Dejaremos por esta semana las tediosas aventuras de Francisco Camps, todavía acorazado en la frazada de sus trajes a modo de caricatura del Lino que aparecía en las tiras cómicas de Snoopy, para ocuparnos de algo más trágico todavía, vinculado a una memoria histórica no esclarecida del todo en la inmisericorde plenitud de sus detalles. Si los valientes luchadores por la libertad están siendo reivindicados a marchas forzadas por los que tal vez ni siquiera serían sus nietos ideológicos, bien está echar una mirada hacia otras vidas pasadas que huyeron de aquí a fin de no ser descubiertos en la forzada impostura de su imprecisa intimidad.

Lo que sigue no es un cuento de Roberto Bolaño, sino el relato fragmentado de un dolor encanecido. Mediados los años cincuenta del siglo pasado, una joven trabajadora del textil se enamora de un compañero de trabajo, planchador en nómina, con tan mala fortuna que no sabe darse cuenta de que se trata de un homosexual vergonzante que ni siquiera ejerce como tal, circunstancia de la que están al cabo de la calle los compañeros de trabajo que en vano lo invitan a frecuentar a las putas los sábados por la noche. La animosa muchacha, que como es natural desconoce esa clase de detalles, se empeña en que sean novios, a lo que él accede quizás para enmascararse, y así pasan varios años, festeando en fin de semana como adolescentes tardíos que se aman tanto que se limitan a tomarse de la mano por respeto a una intimidad desconocida. Pasa el tiempo, se van haciendo mayores para nada, ella le exige matrimonio, él acepta pero sugiere un aplazamiento de apariencia sensata: se marchará a trabajar a Alemania hasta ahorrar lo suficiente para una boda digna. Lo hace, pero durante años no se sabe mucho de él, salvo que regresa un par de días por Navidad y a veces una semana en verano. Pasa el tiempo, la muchacha hace tímidas indagaciones, suficientes, con todo, para enterarse de que su presunto novio vive en una localidad alemana con un novio verdadero. La historia tiene un final trágico que no contaré ahora. ¿Amar es dar lo que no se tiene a alguien que no lo quiere? Lo cierto, en esta historia, es que una muchacha adorable yerra en una elección que toma por definitiva mientras que el elegido se ve obligado a huir para ahorrarse la vergüenza de admitir una orientación sexual que puede satisfacer sin obstáculos ni pena en otro lugar, en otro país. No hay moraleja, pero sí alguna que otra breve observación.

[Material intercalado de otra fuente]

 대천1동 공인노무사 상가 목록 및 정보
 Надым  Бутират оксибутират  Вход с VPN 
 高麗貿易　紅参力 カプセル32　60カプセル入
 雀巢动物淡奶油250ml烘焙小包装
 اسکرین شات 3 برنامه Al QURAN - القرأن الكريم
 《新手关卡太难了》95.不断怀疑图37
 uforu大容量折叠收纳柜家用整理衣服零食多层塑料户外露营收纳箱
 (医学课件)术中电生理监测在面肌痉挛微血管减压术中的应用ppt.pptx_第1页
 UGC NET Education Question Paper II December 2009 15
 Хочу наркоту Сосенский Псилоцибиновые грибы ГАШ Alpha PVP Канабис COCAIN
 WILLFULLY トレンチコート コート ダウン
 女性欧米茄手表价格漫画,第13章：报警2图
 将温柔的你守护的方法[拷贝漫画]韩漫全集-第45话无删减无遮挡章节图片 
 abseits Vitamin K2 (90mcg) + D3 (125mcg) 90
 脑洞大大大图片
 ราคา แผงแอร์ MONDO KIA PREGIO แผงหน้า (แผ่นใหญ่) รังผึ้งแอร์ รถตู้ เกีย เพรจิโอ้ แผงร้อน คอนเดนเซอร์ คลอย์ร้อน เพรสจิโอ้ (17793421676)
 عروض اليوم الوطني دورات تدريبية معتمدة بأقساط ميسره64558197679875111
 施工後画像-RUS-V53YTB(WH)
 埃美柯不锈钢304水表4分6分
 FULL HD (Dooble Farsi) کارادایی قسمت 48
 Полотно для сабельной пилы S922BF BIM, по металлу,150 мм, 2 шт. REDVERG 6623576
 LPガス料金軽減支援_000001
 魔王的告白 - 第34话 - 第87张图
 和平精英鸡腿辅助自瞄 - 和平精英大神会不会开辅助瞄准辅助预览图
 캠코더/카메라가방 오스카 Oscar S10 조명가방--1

Y aquí es cuando uno se queda sin tema, porque se trata de reivindicar ¿qué asunto? ¿La famosa memoria histórica, de la que Zapatero conservaría su versión doméstica más entrañable? ¿La de los que sobrevivieron al universo concentracionario de los nazis (Jorge Semprún, sin ir más lejos, ha vivido casi toda su vida a expensas de un relato que ha sabido dosificar y rentabilizar como nadie, a veces de una manera un tanto cursi, lamento decirlo) para contar lo suficiente del horror? Está por hacer, que yo sepa, entre la memoria del exilio español de posguerra, la relativa al número y características básicas de los numerosos homosexuales obreros que emigraron a diversos países europeos a partir de los cincuenta en busca de trabajo pero también de un destino más noble para su vida sentimental. De esos otros exiliados, esos otros emigrantes, cuya invisibilidad es todavía hoy pasmosa. Supongo que serían más numerosos que las lesbianas, y en todo caso las mujeres no acostumbraban a emigrar por periodos prolongados. Y eso por no insistir en la historia de las presuntas novias de estos novios fingidos que encontraron al fin al novio verdadero en tierra extraña.